─── DATA PROVIDED

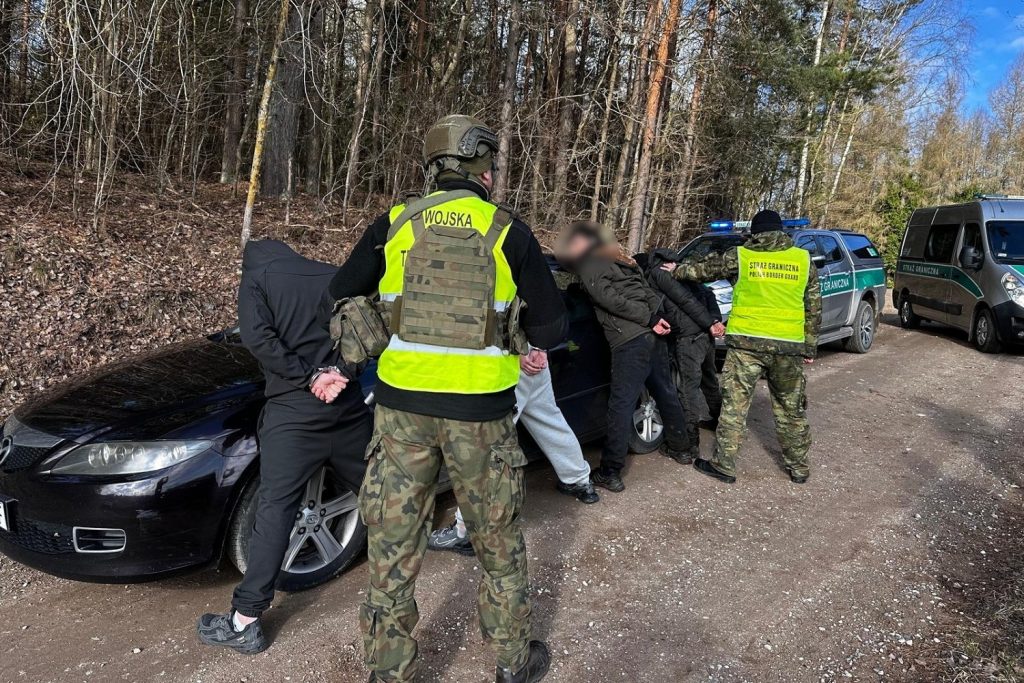 Kurierzy i migranci zatrzymani przy granicy 1 15 343910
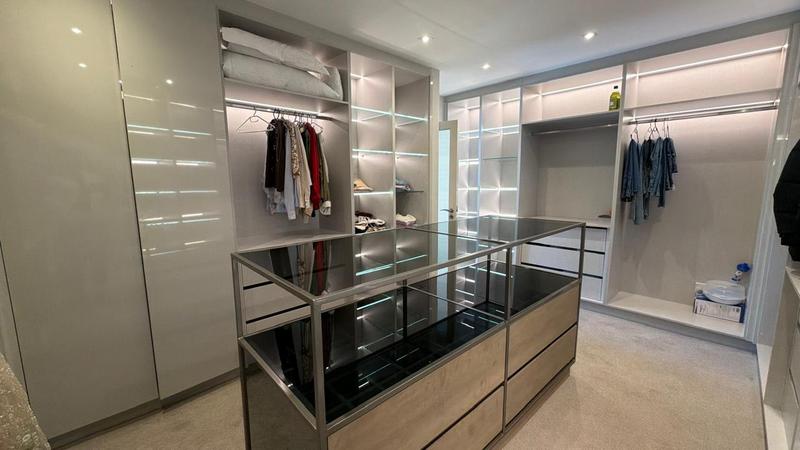 4 Bedroom Property for Sale in Sandhurst Gauteng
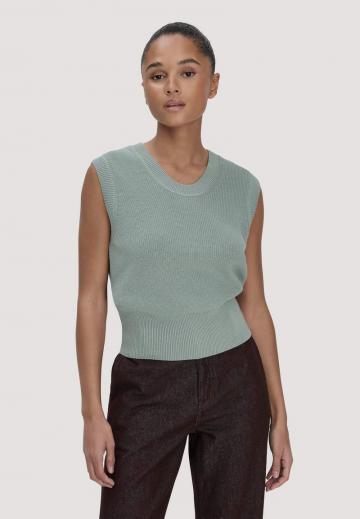 Пуловер без рукавов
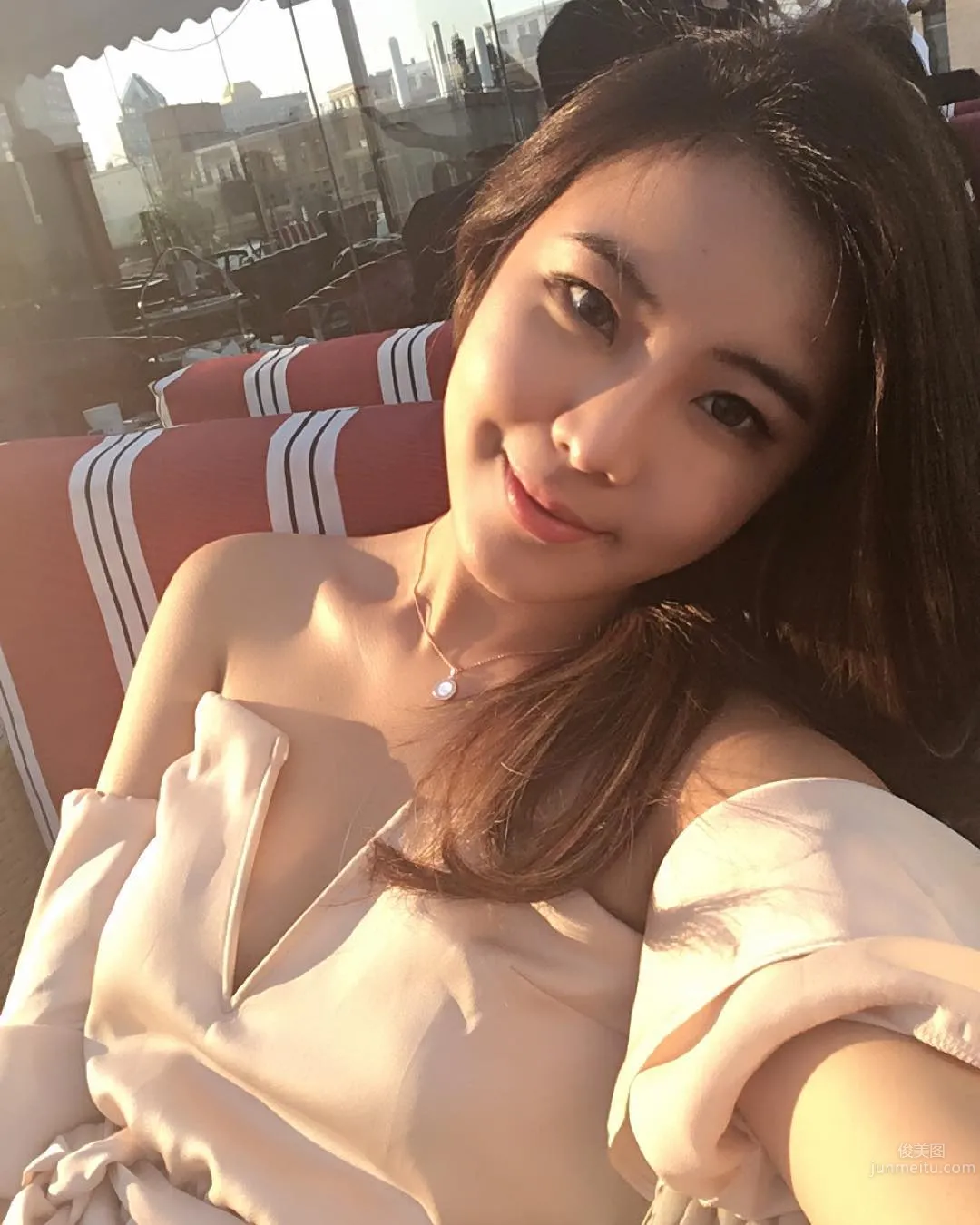 Stephanie Teh- PTT表特版推爆高颜值老板娘_2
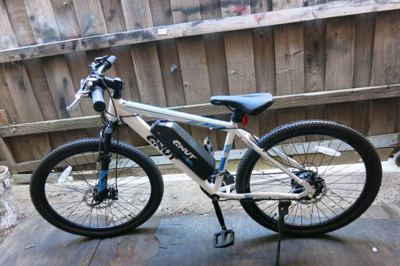Electric bicycle like new QNUT 26" 1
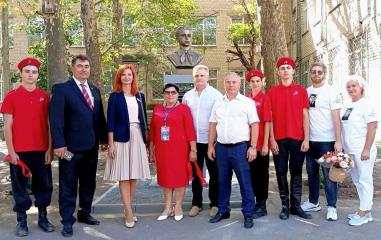 Бюст Володе Дубинину открыли в городе воинской славы Мелитополе
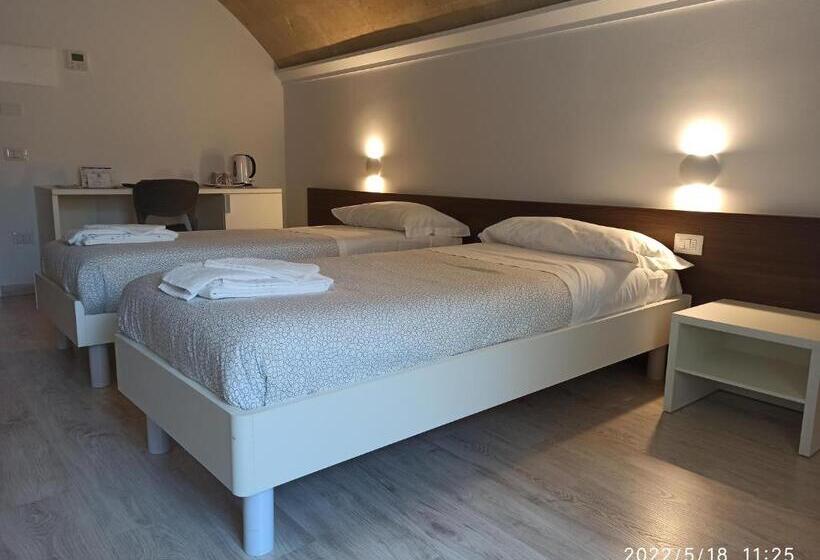 חדר סטנדרט, In & Out Matera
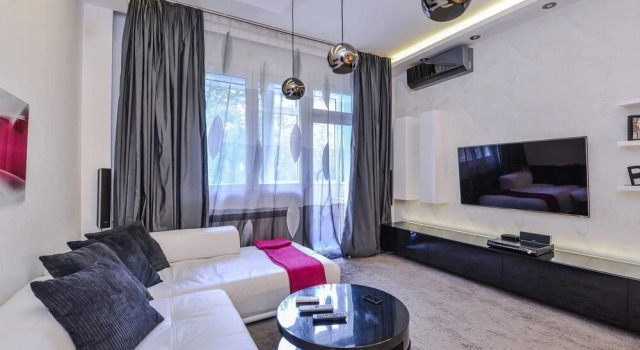 FM Deluxe 1-BDR Apartment - Extravaganzzo, Забронировать Апартаменты/квартира Апартаменты Софии, рядом с Королевский дворец, Апартаменты/квартира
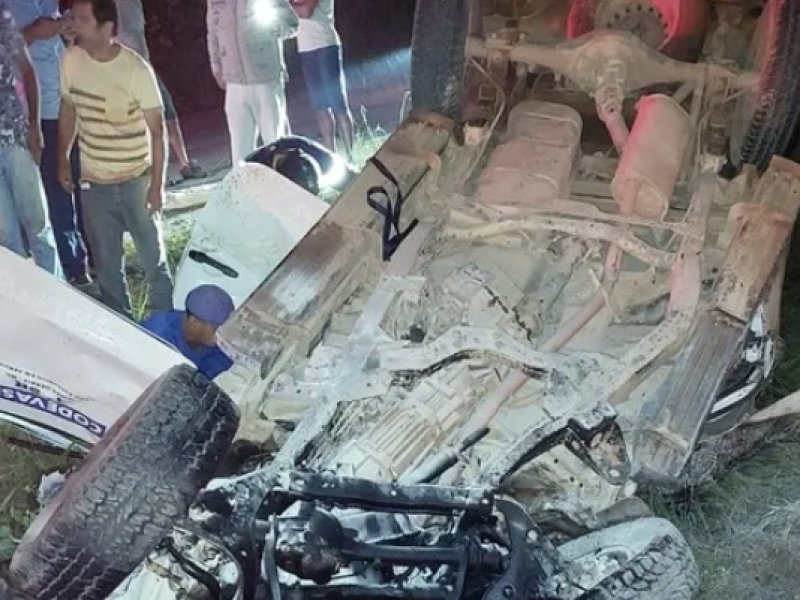 Imagem de Funcionários da Codevasf morrem após batida entre carro e carreta na BR-101 
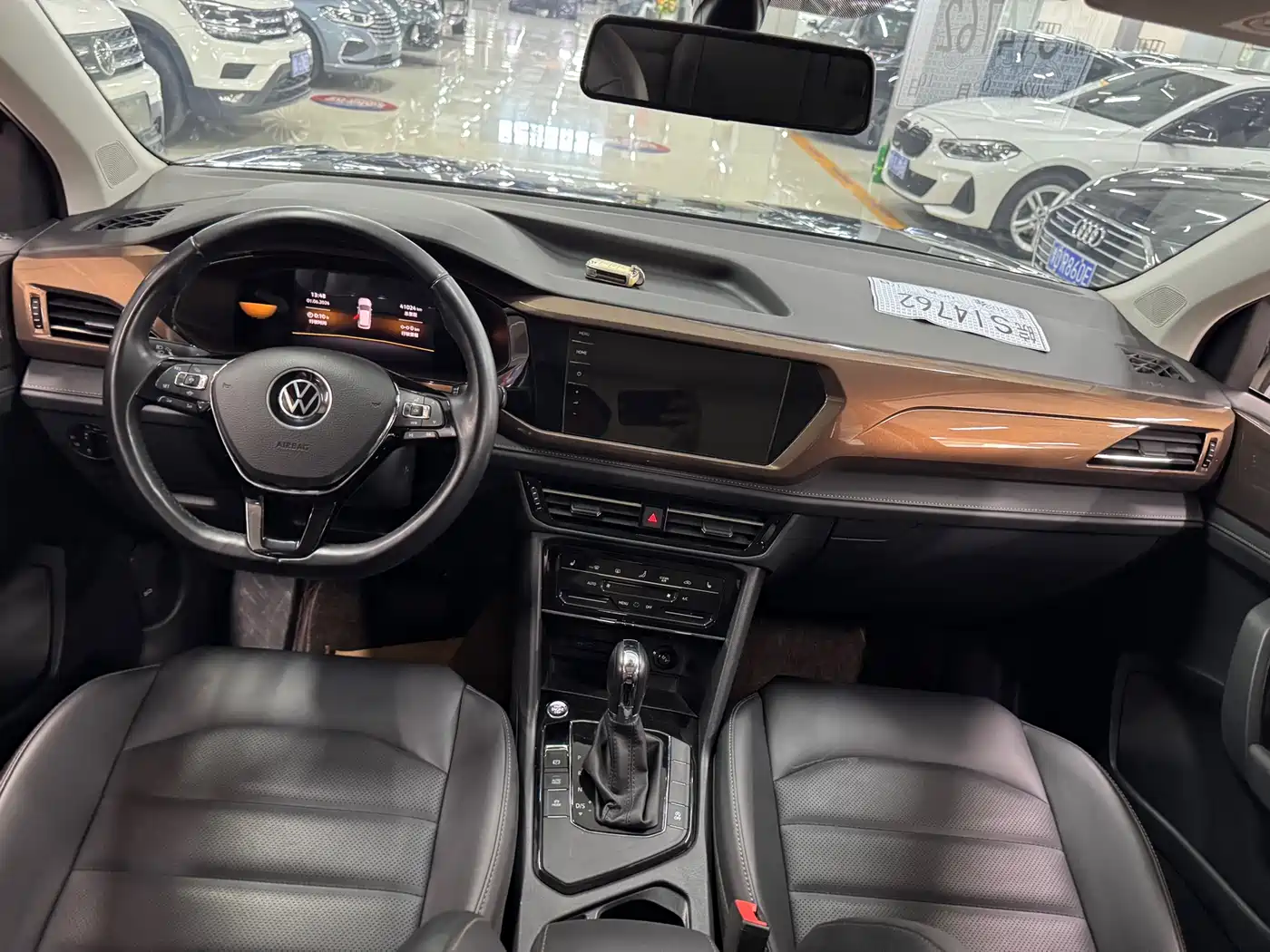 Volkswagen Tharu 2022 280TSI FWD Luxury Edition фото 6
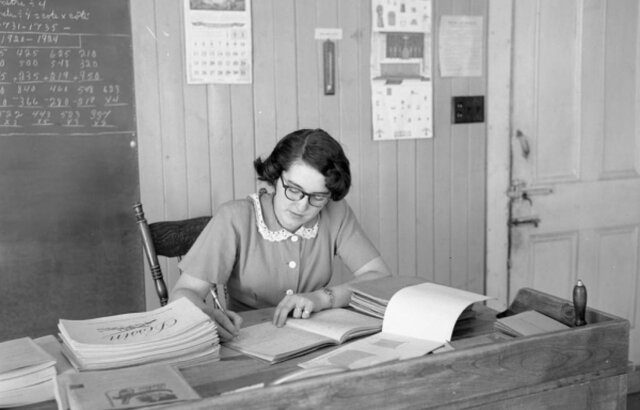 Création du ministère de l'Éducation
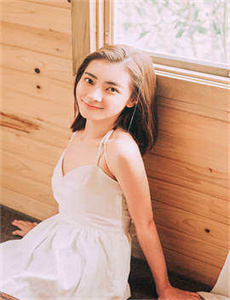 《欧美女装大佬》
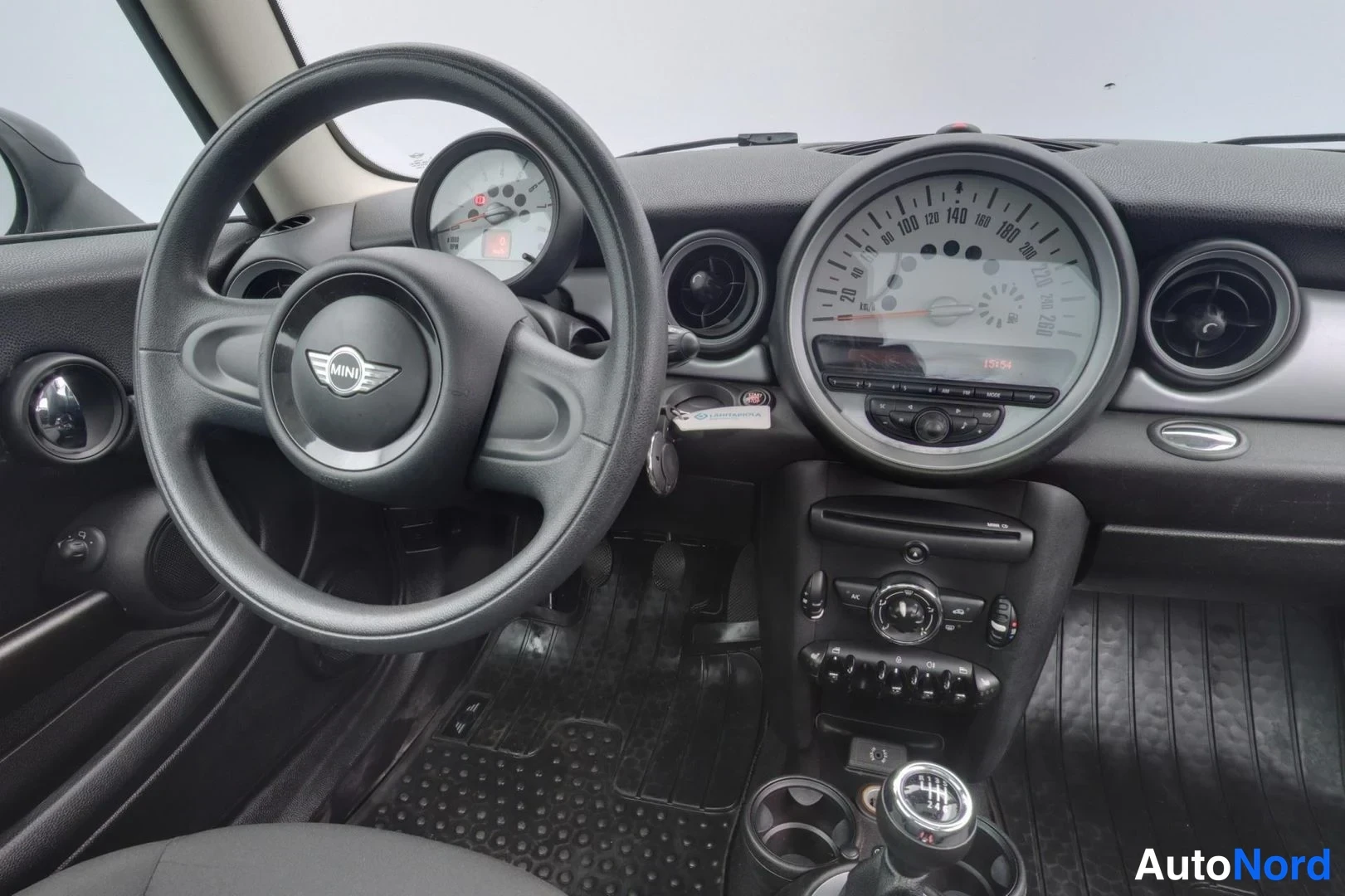 Hopea Mini One 2013, ohjaamo, kuva 9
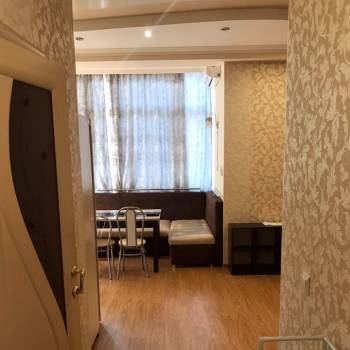 Продается 1-комнатная квартира, 42 м²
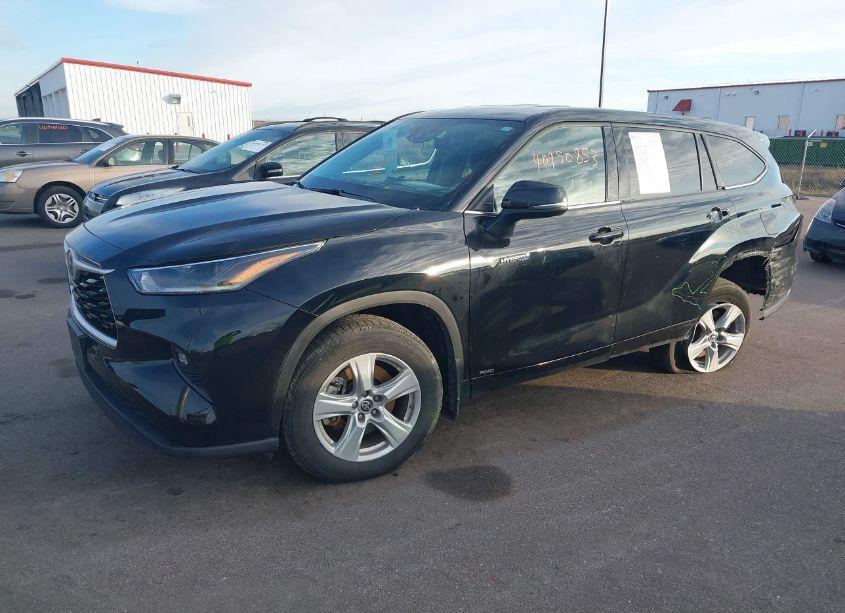 Photo 2 of 2021 Toyota Highlander HYBRID LE (VIN 5TDBBRCH4MS526210)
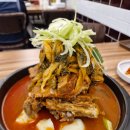 1인자감자탕 독산점 | 압도적인 비주얼과 푸짐함 청년감자탕순대국 독산점 방문기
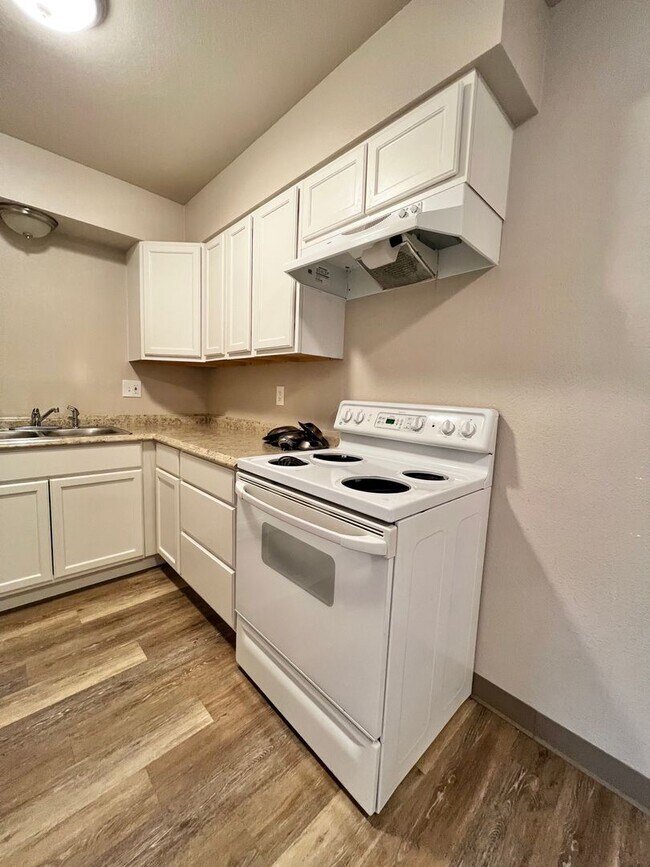 Photo - Larch1642 (KC-AM) Unit 2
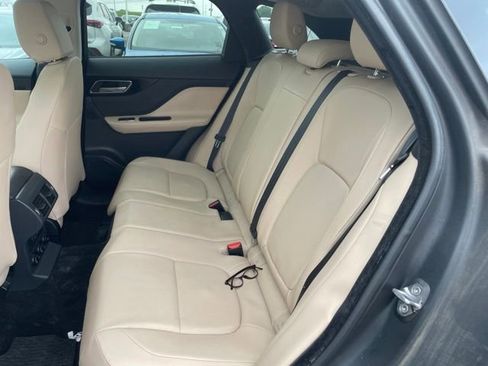 Used 2018 Jaguar F-PACE Premium AWD/4WD image 8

──────

### PROBLEM STATEMENT
Once the line containing "Пуловер без рукавов" is found, transcribe it and every line after it to the end of the records, exactly and with no pictures.

### RESULT
 Пуловер без рукавов
 Stephanie Teh- PTT表特版推爆高颜值老板娘_2
Electric bicycle like new QNUT 26" 1
 Бюст Володе Дубинину открыли в городе воинской славы Мелитополе
 חדר סטנדרט, In & Out Matera
 FM Deluxe 1-BDR Apartment - Extravaganzzo, Забронировать Апартаменты/квартира Апартаменты Софии, рядом с Королевский дворец, Апартаменты/квартира
 Imagem de Funcionários da Codevasf morrem após batida entre carro e carreta na BR-101 
 Volkswagen Tharu 2022 280TSI FWD Luxury Edition фото 6
 Création du ministère de l'Éducation
 《欧美女装大佬》
 Hopea Mini One 2013, ohjaamo, kuva 9
 Продается 1-комнатная квартира, 42 м²
 Photo 2 of 2021 Toyota Highlander HYBRID LE (VIN 5TDBBRCH4MS526210)
 1인자감자탕 독산점 | 압도적인 비주얼과 푸짐함 청년감자탕순대국 독산점 방문기
 Photo - Larch1642 (KC-AM) Unit 2
 Used 2018 Jaguar F-PACE Premium AWD/4WD image 8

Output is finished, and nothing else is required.